WHAT NEEDS TO BE DONE » Starting at the line below holding "Salwar Kameez Net Beige" and stopping at the line holding "Aerial view of", print every line exactly, both ends included, and leave the rest out.

>>>>

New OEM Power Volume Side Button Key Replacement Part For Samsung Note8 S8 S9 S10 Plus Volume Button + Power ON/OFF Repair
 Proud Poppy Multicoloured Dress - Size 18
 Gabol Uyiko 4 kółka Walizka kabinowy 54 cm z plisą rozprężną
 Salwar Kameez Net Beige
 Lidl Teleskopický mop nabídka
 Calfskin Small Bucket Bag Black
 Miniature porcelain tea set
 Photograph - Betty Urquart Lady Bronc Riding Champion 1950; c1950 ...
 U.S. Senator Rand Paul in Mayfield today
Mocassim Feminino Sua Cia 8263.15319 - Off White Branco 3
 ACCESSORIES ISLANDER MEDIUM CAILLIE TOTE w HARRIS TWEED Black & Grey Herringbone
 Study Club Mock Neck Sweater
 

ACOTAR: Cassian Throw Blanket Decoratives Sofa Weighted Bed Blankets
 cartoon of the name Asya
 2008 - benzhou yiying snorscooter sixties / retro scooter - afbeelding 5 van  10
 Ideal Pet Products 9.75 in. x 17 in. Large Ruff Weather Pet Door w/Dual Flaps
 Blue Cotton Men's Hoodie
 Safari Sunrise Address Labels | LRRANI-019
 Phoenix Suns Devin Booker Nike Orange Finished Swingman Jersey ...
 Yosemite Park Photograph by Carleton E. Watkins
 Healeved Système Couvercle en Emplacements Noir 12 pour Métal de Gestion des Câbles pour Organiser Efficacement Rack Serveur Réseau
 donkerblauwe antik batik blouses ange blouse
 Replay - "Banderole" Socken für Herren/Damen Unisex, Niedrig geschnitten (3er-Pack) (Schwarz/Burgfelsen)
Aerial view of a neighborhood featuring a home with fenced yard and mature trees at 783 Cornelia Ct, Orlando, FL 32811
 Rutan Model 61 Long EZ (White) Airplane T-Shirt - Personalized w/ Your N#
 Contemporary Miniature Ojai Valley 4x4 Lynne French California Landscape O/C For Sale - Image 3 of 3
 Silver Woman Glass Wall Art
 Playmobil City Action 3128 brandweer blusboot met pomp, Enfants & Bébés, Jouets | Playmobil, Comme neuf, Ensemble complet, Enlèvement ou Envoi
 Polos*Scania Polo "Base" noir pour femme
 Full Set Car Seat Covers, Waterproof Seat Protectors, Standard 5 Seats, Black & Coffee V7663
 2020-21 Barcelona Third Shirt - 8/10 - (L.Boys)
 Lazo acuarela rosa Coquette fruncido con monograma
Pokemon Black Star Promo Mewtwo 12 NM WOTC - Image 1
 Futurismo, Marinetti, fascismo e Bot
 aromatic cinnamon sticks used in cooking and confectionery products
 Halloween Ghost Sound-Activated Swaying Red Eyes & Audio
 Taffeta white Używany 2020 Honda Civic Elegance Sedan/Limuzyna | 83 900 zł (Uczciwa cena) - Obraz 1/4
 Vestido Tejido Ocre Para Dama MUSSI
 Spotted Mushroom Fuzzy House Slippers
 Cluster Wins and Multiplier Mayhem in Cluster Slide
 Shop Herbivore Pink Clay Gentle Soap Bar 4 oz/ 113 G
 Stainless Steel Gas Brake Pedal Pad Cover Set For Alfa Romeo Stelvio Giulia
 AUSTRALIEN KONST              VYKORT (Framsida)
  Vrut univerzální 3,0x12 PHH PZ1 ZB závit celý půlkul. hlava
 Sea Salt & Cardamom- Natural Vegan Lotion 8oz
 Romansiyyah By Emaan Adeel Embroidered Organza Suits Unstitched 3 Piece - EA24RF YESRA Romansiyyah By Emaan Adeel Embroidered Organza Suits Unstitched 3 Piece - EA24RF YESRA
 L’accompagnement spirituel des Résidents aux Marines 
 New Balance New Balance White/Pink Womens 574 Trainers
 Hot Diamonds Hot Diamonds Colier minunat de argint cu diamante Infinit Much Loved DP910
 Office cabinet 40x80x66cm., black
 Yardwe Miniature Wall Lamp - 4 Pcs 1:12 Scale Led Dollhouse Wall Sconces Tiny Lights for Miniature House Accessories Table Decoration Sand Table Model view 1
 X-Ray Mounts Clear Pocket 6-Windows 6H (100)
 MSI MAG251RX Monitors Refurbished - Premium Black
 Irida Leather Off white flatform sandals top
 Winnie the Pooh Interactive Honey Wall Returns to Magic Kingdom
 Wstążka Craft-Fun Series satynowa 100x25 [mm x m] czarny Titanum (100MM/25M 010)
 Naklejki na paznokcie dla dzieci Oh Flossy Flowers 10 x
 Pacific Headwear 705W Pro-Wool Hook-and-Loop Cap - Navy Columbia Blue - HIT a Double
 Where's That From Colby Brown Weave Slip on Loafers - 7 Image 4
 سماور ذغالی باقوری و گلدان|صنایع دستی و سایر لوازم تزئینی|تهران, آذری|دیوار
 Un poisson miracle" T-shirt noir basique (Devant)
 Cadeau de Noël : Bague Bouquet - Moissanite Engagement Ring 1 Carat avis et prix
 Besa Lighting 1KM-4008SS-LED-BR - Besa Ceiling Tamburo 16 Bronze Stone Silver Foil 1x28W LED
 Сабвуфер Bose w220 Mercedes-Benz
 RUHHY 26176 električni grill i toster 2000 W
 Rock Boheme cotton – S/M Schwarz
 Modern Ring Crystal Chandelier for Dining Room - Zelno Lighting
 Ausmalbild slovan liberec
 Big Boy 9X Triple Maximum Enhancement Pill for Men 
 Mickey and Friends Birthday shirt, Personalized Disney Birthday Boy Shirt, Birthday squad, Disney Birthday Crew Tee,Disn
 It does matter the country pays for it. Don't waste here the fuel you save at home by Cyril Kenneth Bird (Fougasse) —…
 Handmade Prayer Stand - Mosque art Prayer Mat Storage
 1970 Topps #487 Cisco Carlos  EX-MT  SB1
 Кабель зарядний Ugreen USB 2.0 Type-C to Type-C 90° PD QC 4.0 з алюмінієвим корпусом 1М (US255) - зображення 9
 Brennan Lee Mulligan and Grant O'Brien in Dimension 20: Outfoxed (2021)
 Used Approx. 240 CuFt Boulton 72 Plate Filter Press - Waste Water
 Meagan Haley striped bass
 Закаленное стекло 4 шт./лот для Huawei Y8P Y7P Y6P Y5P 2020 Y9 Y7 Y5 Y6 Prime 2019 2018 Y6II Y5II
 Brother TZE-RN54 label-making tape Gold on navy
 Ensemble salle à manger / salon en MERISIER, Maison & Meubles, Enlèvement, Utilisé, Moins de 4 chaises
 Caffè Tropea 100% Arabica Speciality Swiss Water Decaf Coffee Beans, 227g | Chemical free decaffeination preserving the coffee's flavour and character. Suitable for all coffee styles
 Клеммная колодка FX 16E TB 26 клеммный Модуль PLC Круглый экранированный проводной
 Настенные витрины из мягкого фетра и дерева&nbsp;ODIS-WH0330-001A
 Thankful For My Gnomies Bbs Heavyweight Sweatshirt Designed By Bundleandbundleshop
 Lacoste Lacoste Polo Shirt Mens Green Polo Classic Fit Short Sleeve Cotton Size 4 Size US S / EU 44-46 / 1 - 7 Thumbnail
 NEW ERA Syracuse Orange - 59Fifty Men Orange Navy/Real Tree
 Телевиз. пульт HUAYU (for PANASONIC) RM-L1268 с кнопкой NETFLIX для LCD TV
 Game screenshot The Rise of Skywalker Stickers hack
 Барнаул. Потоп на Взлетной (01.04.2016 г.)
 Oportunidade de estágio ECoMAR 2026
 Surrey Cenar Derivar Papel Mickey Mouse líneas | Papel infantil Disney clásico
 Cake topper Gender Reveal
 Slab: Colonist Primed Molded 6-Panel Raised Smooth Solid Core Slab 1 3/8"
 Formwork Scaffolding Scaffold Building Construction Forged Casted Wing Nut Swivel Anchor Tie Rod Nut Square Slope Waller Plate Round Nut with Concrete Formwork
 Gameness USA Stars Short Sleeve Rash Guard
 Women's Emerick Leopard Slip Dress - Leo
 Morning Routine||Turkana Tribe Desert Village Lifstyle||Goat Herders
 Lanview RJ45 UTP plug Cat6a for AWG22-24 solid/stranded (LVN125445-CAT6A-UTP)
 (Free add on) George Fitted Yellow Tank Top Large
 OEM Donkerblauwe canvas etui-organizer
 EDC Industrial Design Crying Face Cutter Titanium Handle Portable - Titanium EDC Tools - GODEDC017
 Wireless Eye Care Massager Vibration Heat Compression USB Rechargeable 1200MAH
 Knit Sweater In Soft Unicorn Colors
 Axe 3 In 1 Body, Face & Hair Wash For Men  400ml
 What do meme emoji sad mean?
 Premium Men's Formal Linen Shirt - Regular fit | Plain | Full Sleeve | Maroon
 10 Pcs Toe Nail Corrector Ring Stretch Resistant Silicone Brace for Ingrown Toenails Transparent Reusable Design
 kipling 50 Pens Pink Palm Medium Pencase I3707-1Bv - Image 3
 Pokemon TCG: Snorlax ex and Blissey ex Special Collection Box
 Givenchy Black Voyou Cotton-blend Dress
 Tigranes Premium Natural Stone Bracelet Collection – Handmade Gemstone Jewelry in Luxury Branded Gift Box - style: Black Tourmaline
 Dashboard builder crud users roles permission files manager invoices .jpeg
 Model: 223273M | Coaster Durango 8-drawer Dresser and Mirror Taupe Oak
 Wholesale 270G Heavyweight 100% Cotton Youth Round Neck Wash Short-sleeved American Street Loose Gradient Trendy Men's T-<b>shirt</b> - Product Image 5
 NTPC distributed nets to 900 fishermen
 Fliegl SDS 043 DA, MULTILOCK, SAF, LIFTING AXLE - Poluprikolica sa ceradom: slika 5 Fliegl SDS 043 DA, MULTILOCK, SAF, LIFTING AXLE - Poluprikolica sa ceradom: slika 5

<<<<

EXERCISE RESPONSE »
 Salwar Kameez Net Beige
 Lidl Teleskopický mop nabídka
 Calfskin Small Bucket Bag Black
 Miniature porcelain tea set
 Photograph - Betty Urquart Lady Bronc Riding Champion 1950; c1950 ...
 U.S. Senator Rand Paul in Mayfield today
Mocassim Feminino Sua Cia 8263.15319 - Off White Branco 3
 ACCESSORIES ISLANDER MEDIUM CAILLIE TOTE w HARRIS TWEED Black & Grey Herringbone
 Study Club Mock Neck Sweater
 

ACOTAR: Cassian Throw Blanket Decoratives Sofa Weighted Bed Blankets
 cartoon of the name Asya
 2008 - benzhou yiying snorscooter sixties / retro scooter - afbeelding 5 van  10
 Ideal Pet Products 9.75 in. x 17 in. Large Ruff Weather Pet Door w/Dual Flaps
 Blue Cotton Men's Hoodie
 Safari Sunrise Address Labels | LRRANI-019
 Phoenix Suns Devin Booker Nike Orange Finished Swingman Jersey ...
 Yosemite Park Photograph by Carleton E. Watkins
 Healeved Système Couvercle en Emplacements Noir 12 pour Métal de Gestion des Câbles pour Organiser Efficacement Rack Serveur Réseau
 donkerblauwe antik batik blouses ange blouse
 Replay - "Banderole" Socken für Herren/Damen Unisex, Niedrig geschnitten (3er-Pack) (Schwarz/Burgfelsen)
Aerial view of a neighborhood featuring a home with fenced yard and mature trees at 783 Cornelia Ct, Orlando, FL 32811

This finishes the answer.